14

I am confused by the type conversion in python pandas

df = pd.DataFrame({'a':['1.23', '0.123']})
type(df['a'])
df['a'].astype(float)

Here df is a pandas series and its contents are 2 strings, then I can apply astype(float) on this pandas series, and it correctly convert all string into float. However

df['a'][1].astype(float)

gives me AttributeError: 'str' object has no attribute 'astype'. My question is: how can that be? I could convert the whole series from string to float but I couldn't convert the entry of this series from string to float?

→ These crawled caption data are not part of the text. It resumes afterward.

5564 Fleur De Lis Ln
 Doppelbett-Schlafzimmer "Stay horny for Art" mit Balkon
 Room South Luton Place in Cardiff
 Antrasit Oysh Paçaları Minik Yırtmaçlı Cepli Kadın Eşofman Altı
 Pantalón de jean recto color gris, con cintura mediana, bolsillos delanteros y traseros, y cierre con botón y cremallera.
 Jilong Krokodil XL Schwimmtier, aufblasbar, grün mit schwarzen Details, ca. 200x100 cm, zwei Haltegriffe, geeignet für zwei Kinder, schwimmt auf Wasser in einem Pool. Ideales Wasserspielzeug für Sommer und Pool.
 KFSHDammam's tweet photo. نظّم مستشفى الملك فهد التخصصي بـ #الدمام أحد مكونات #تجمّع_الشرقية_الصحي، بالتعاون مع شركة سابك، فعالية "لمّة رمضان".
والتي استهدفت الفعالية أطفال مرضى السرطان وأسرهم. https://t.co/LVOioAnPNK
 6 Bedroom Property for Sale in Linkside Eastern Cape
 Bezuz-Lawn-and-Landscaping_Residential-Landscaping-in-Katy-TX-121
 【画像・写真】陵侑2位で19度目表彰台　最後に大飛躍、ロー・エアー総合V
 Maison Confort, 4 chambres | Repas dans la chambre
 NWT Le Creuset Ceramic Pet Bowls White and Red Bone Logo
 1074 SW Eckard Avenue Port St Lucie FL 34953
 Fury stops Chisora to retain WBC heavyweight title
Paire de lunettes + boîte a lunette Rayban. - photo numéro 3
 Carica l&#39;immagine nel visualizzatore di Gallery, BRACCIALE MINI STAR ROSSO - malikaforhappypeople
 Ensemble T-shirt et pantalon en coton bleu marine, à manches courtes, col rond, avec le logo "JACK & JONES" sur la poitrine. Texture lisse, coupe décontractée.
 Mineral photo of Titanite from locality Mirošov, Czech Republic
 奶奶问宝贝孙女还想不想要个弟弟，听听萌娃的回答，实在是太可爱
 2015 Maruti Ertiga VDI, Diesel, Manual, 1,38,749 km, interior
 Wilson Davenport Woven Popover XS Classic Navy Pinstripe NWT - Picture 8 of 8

Also, I load my raw data set

df['id'].astype(int)

it generates ValueError: invalid literal for int() with base 10: '' This one seems to suggest that there is a blank in my df['id']. So I check whether it is true by typing

'' in df['id']

it says false. So I am very confused.

1
  • You have to use like this df['a'].iloc[1].astype(float), it will not throw error Commented Jul 27, 2018 at 4:54

4 Answers 4

14

df['a'] returns a Series object that has astype as a vectorized way to convert all elements in the series into another one.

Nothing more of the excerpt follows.